**GOAL OF THE EXERCISE**
From the data below, copy out every line in which the word "Solid" occurs.

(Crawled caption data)

--

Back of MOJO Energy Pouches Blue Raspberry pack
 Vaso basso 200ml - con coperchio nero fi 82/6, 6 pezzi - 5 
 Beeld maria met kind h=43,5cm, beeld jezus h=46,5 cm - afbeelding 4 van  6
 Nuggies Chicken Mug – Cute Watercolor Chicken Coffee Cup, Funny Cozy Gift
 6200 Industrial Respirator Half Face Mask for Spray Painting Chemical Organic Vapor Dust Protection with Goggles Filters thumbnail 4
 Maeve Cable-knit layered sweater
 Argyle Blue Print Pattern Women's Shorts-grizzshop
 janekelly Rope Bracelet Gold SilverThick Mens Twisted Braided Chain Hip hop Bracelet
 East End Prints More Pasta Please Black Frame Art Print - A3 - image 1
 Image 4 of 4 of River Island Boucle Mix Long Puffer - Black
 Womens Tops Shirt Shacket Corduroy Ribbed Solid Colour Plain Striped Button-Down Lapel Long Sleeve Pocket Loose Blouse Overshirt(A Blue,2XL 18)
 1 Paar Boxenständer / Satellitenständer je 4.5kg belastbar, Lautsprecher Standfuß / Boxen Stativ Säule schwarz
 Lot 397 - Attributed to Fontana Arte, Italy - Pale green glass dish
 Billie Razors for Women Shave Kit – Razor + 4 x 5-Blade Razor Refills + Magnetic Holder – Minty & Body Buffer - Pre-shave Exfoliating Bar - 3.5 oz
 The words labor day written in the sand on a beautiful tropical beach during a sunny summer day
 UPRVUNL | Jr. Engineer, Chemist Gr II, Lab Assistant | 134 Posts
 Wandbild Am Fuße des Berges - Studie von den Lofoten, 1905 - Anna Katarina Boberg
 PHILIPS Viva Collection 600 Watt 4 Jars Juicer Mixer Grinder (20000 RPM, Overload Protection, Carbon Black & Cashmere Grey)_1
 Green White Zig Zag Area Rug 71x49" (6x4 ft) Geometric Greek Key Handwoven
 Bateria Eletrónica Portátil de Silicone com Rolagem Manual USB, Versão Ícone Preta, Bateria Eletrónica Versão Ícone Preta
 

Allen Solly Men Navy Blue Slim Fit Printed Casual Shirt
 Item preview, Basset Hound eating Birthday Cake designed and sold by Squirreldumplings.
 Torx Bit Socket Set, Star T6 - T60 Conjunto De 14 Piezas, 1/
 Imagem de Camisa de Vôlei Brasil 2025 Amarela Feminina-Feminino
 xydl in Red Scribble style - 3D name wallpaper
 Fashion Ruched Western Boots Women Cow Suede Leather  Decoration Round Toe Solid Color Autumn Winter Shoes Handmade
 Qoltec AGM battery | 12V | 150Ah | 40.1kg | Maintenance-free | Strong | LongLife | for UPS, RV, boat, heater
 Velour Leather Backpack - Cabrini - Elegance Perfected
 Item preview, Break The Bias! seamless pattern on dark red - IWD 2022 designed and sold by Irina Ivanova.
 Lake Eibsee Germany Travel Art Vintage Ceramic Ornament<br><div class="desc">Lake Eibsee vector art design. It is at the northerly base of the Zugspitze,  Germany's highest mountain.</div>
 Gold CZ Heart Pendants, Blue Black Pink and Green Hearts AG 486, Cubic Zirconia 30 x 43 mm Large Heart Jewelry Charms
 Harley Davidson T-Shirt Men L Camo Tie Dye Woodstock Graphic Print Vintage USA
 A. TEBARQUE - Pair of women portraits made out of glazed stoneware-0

--

**ANSWER TO THE EXERCISE**
 Womens Tops Shirt Shacket Corduroy Ribbed Solid Colour Plain Striped Button-Down Lapel Long Sleeve Pocket Loose Blouse Overshirt(A Blue,2XL 18)
 Fashion Ruched Western Boots Women Cow Suede Leather  Decoration Round Toe Solid Color Autumn Winter Shoes Handmade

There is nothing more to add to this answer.